Reputation: 67
I am trying to find out the number of occurrences of "The/the". Below is the code I tried"
print ("Enter the String.\n");
$inputline = <STDIN>;
chop($inputline);
$regex="\[Tt\]he";
if($inputline ne "")
{
@splitarr= split(/$regex/,$inputline);
}
$scalar=@splitarr;
print $scalar;
The string is :
Hello the how are you the wanna work on the project but i the u the The
The output that it gives is 7. However with the string :
Hello the how are you the wanna work on the project but i the u the
the output is 5. I suspect my regex. Can anyone help in pointing out what's wrong.
Upvotes: 0
Views: 2006
Reputation: 5870
The following snippet uses a code side-effect to increment a counter, followed by an always-failing match to keep searching. It produces the correct answer for matches that overlap (e.g. "aaaa" contains "aa" 3 times, not 2). The split-based answers don't get that right.
my $i;
my $string;
$i = 0;
$string = "aaaa";
$string =~ /aa(?{$i++})(?!)/;
print "'$string' contains /aa/ x $i (should be 3)\n";
$i = 0;
$string = "Hello the how are you the wanna work on the project but i the u the The";
$string =~ /[tT]he(?{$i++})(?!)/;
print "'$string' contains /[tT]he/ x $i (should be 6)\n";
$i = 0;
$string = "Hello the how are you the wanna work on the project but i the u the";
$string =~ /[tT]he(?{$i++})(?!)/;
print "'$string' contains /[tT]he/ x $i (should be 5)\n";
Upvotes: 1
Reputation: 241808
With split
, you're counting the substrings between the the's.
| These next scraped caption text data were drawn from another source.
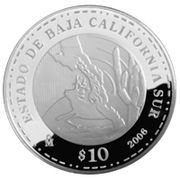 10 Pesos Baja California Sur - Silver Proof Issue, Mexico, 2006 reverse image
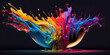 Explosion of colored paints on a black background. Colorful rainbow; color splash palette. AI generated.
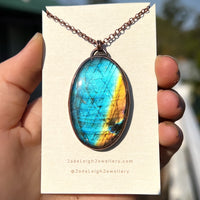 Copper labradorite dragon mountains pendant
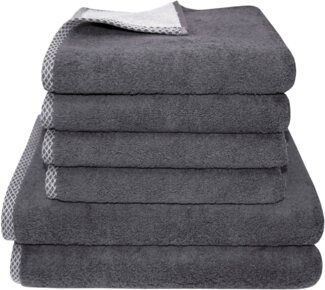 Dyckhoff Handtuch Set Golden Shades Rhomb, Walkfrottier (Set, 6-St), 4 Handtücher (50x100 cm), 2 Duschtücher (70x140 cm)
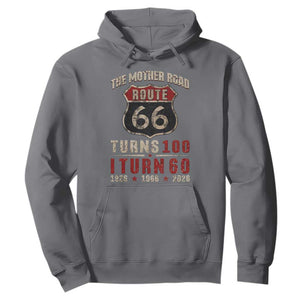 Route Highway 66 Turns 100 I Turn 60 Hoodie Vintage 1966 Road Sign 60th Birthday Gift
Use match instead:
#!/usr/bin/perl
use warnings;
use strict;
my $regex = qr/[Tt]he/;
for my $string ('Hello the how are you the wanna work on the project but i the u the The',
'Hello the how are you the wanna work on the project but i the u the',
'the theological cathedral'
) {
my $count = () = $string =~ /$regex/g;
print $count, "\n";
my @between = split /$regex/, $string;
print 0 + @between, "\n";
print join '|', @between;
print "\n";
}
Note that both methods return the same number for the two inputs you mentioned (and the first one returns 6, not 7).
Upvotes: 1
Reputation: 126722
I get the correct number - 6 - for the first string
However your method is wrong, because if you count the number of pieces you get by splitting on the regex pattern it will give you different values depending on whether the word appears at the beginning of the string. You should also put word boundaries \b
into your regular expression to prevent the regex from matching something like theory
Also, it is unnecessary to escape the square brackets, and you can use the /i
modifier to do a case-independent match
Try something like this instead
use strict;
use warnings;
print 'Enter the String: ';
my $inputline = <>;
chomp $inputline;
my $regex = 'the';
if ( $inputline ne '' ) {
my @matches = $inputline =~ /\b$regex\b/gi;
print scalar @matches, " occurrences\n";
}
Upvotes: 3
Reputation: 3223
What you need is 'countof' operator to count the number of matches:
my $string = "Hello the how are you the wanna work on the project but i the u the The";
my $count = () = $string =~/[Tt]he/g;
print $count;
If you want to select only the word the
or The
, add word boundary:
my $string = "Hello the how are you the wanna work on the project but i the u the The";
my $count = () = $string =~/\b[Tt]he\b/g;
print $count;
Upvotes: 0